How to Build Your Portfolio?


how to build a portfolio for concept artitst

Christos asked:

Greetings.

Question: What do concept art portfolios really look like? Is it a series of polished, shiny images of either fantasy or science fiction characters/environments that we usually see in online portfolios or is it more like the kind of stuff one sees in ‘The Art of X Game’ books?

Secondary Question: How would you organise a portfolio and what would you put in it?

Thank you for your time.
Christos

Hey Christos…

Here are a few things I can tell you.

1. Portfolios are made to convince clients.

This means you need to understand what the client is looking for and present yourself accordingly. Client here can mean employer or even art school as well.

Do your research. Read job offerings carefully, visit a client’s site to see what they are doing. When they are looking for a 3D artists, don’t let a human resources person browse through pages of 2D art first. Be the 3D artist they are looking for. If you are a concept artist who does horror stuff and cute stuff, put the stuff forward the company is doing. You wont impress a horror game company with your panda babies or a casual game company with your deformed human demon nuns.
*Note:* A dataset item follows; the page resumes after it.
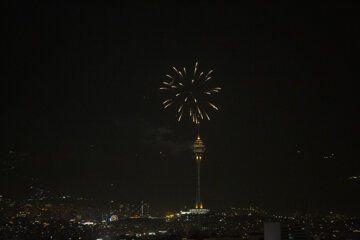 Iluminación de la Torre Milad con motivo del Eid Al-Ghadir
2. Make multiple portfolios.

Presenting yourself to each company in response to their specific needs means that you can’t make one portfolio to impress them all, right? When sending PDFs or showing your portfolio in person, take time to prepare and arrange a sampling of works specific to the client’s tastes.

Online you can either prepare specific galleries or tag you samples if you are using a blog-based framework like wordpress. When contacting a client you can then send them a link directly to what they are looking for. A random site visitor will get a more or less unsorted view on your stuff, but in direct contact you can impress a client by giving them exactly what you think they need to see.

Client’s usually appreciate consideration and homework done by applicants.

3. Show your best only.

If you don’t convince your client with 10 work samples, you wont convince them with 20. Plain and simple.

Rather plan to have 5-7 reeeeeeaaaallllllyyy convincing pieces of work than to allow yourself to even add one piece of filler.

4. 1 work sample does not mean 1 image.

In your job later you will have to do more than just painting pretty images. You will need to do research, explore styles and visual language. You will need to understand written concepts and ideas, and visualize them. You will need to produce tons of digital waste paper in search of a really refined design. You will need to use many different digital creation tools.

Show that you can.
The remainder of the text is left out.